AIM OF THE TASK: Except for images, print the whole listing verbatim.

DATA BLOCK:
****
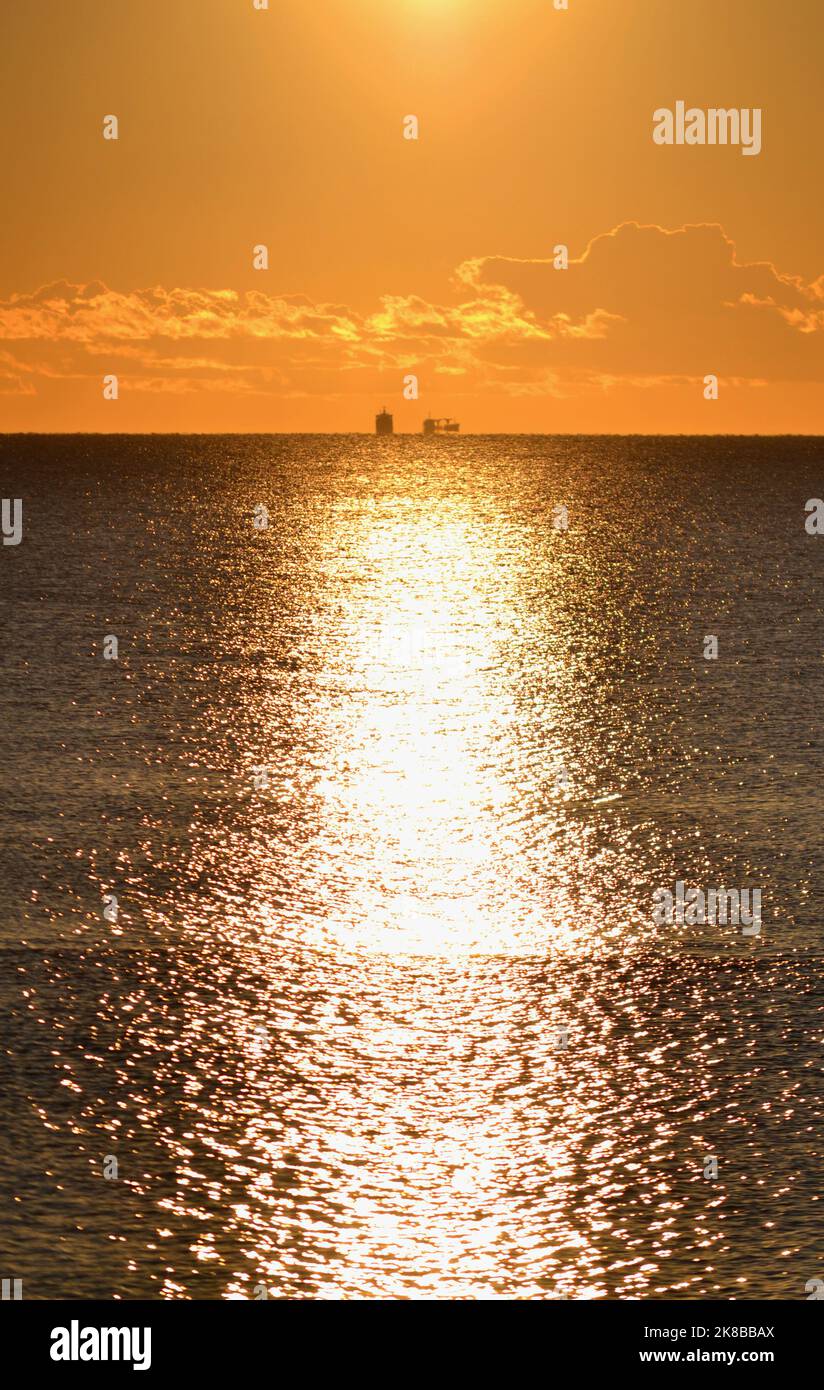 Dos siluetas de un tanquero en la línea del horizonte en el mar y un sendero soleado en la superficie del mar. Paisaje marino, paisaje marino. Fondo natural Foto de stock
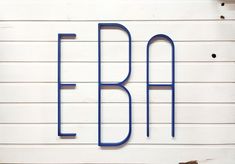 the letters b and f are made out of blue metal pipes on a white wall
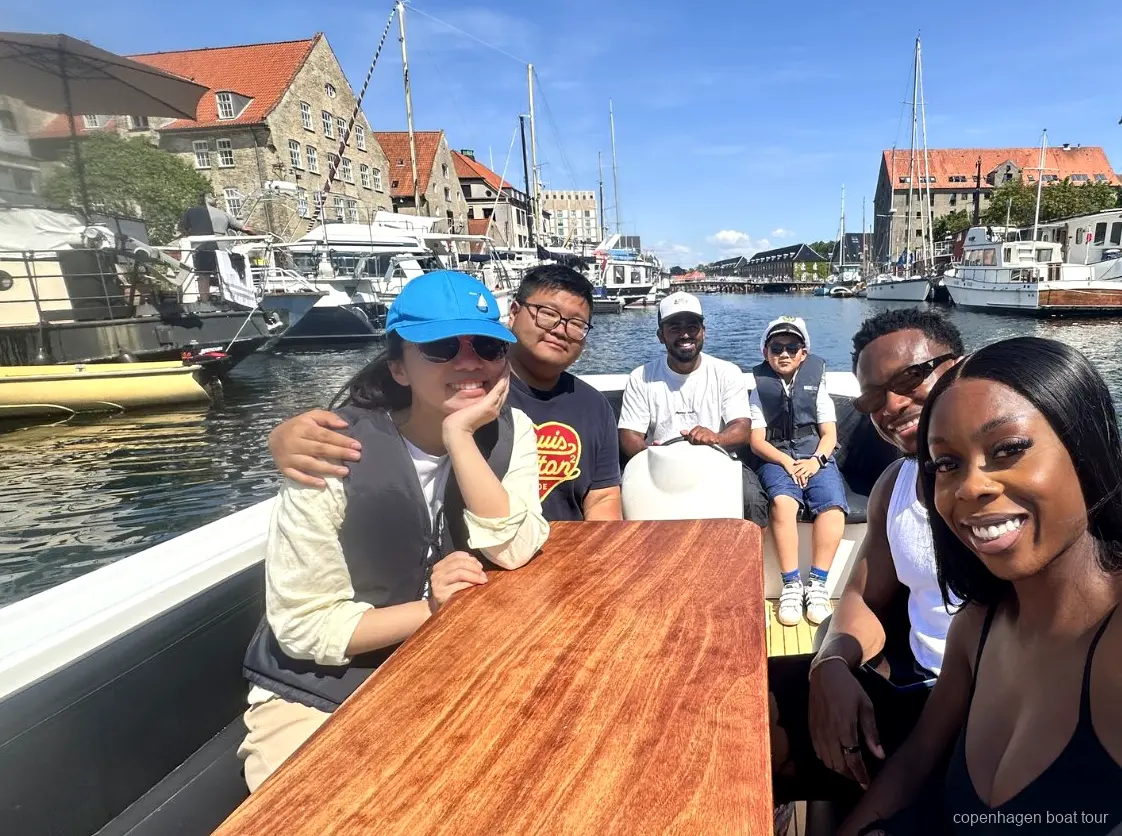 Visiteur tenant la barre sous supervision du guide sur le tour en bateau de luxe à Copenhague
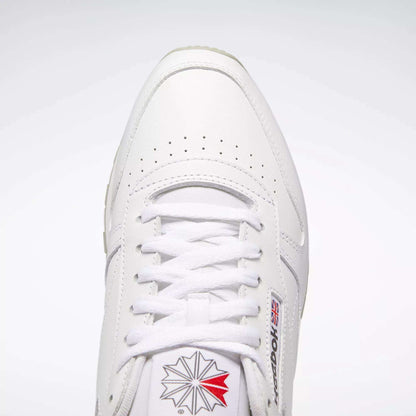 Top view of Reebok Classic Leather Shoes in white, retro style with durable leather, white laces, toe perforations, and the Reebok logo with British flag on the side and tongue against a light background.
****
EXERCISE SOLUTION:
 Dos siluetas de un tanquero en la línea del horizonte en el mar y un sendero soleado en la superficie del mar. Paisaje marino, paisaje marino. Fondo natural Foto de stock
 the letters b and f are made out of blue metal pipes on a white wall
 Visiteur tenant la barre sous supervision du guide sur le tour en bateau de luxe à Copenhague
 Top view of Reebok Classic Leather Shoes in white, retro style with durable leather, white laces, toe perforations, and the Reebok logo with British flag on the side and tongue against a light background.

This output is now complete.